(Data items)
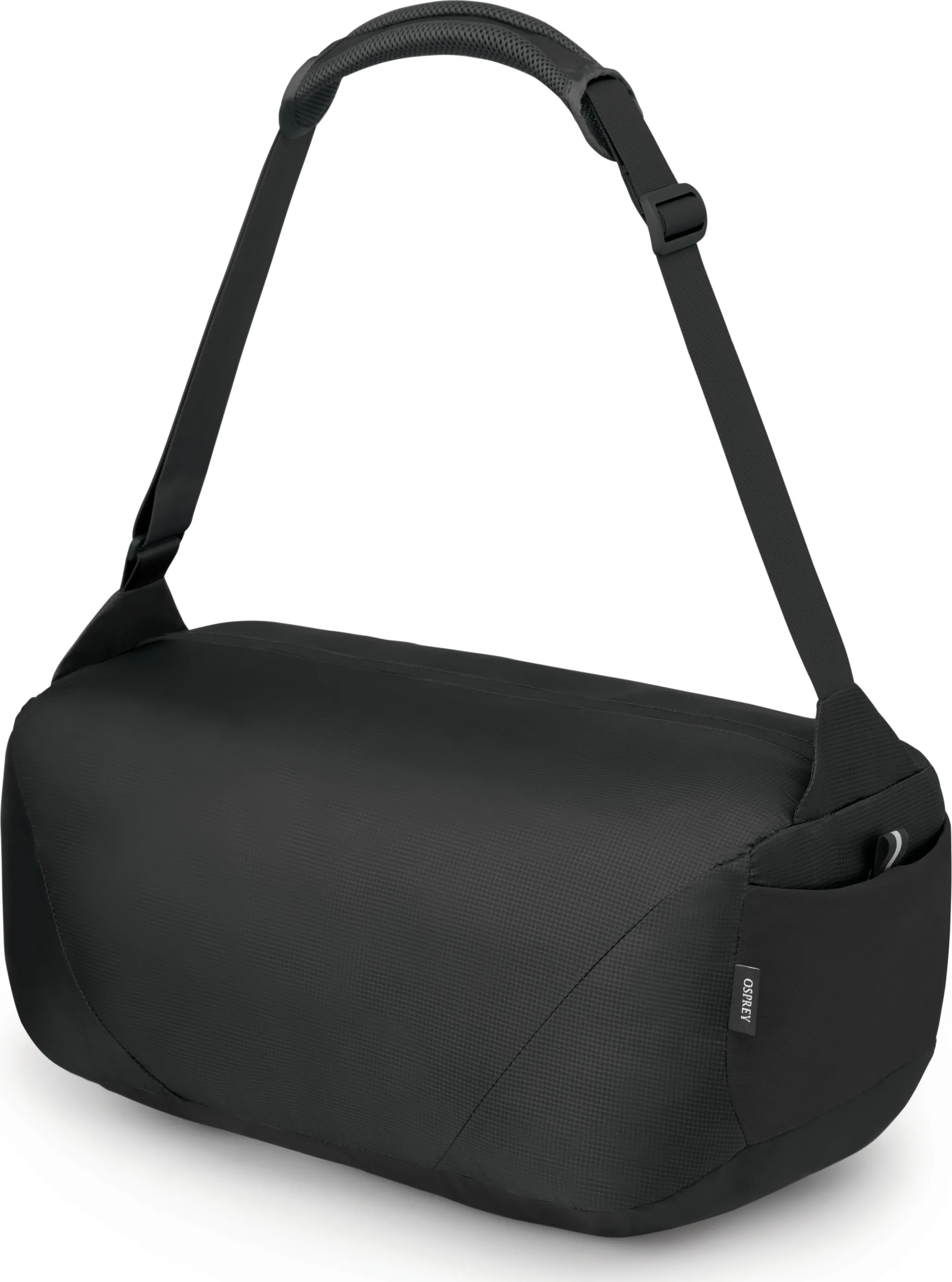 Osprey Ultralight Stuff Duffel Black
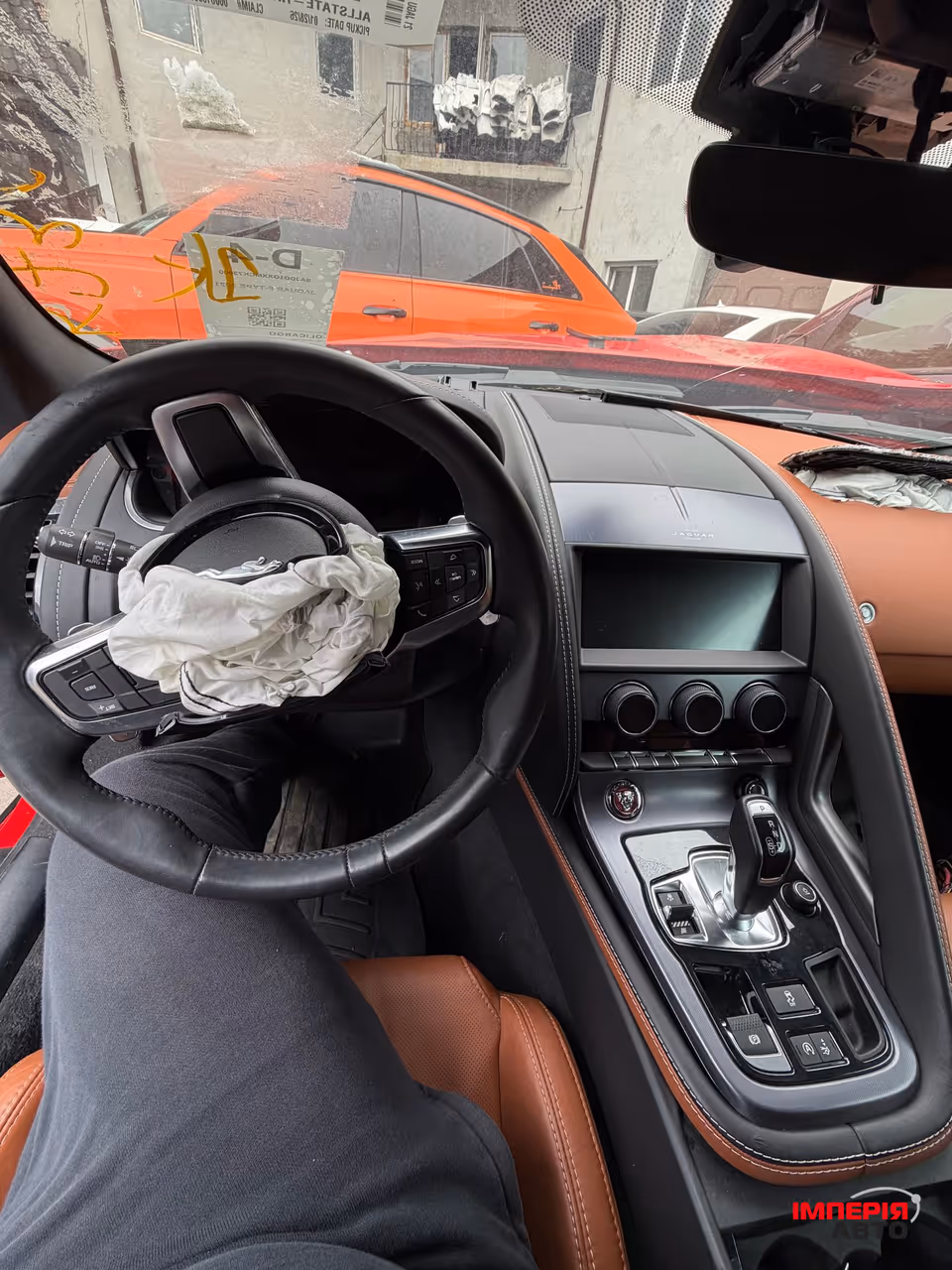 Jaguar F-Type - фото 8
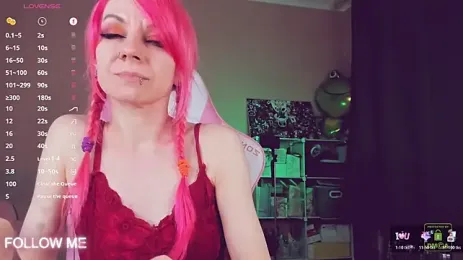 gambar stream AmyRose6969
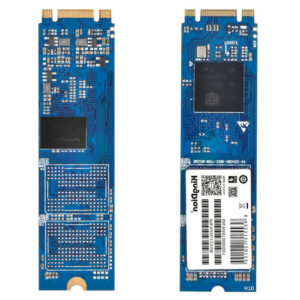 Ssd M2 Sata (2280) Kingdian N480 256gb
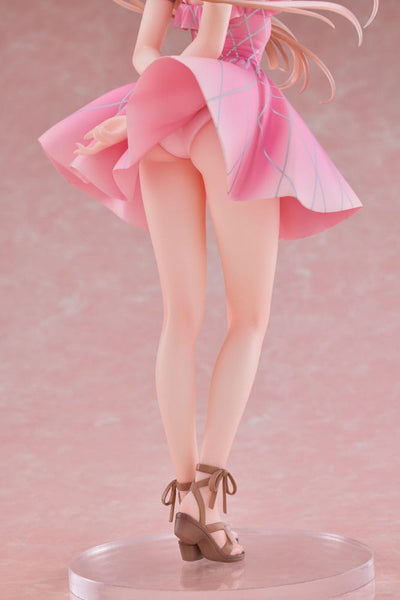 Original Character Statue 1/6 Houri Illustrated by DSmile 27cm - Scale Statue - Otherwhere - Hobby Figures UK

EXERCISE BRIEF: The answer consists solely of the lines from the one holding "gambar stream AmyRose6969" through the final line of the records, both ends included, each duplicated exactly. Leave images out.

THE COMPLETED TASK:
 gambar stream AmyRose6969
 Ssd M2 Sata (2280) Kingdian N480 256gb
 Original Character Statue 1/6 Houri Illustrated by DSmile 27cm - Scale Statue - Otherwhere - Hobby Figures UK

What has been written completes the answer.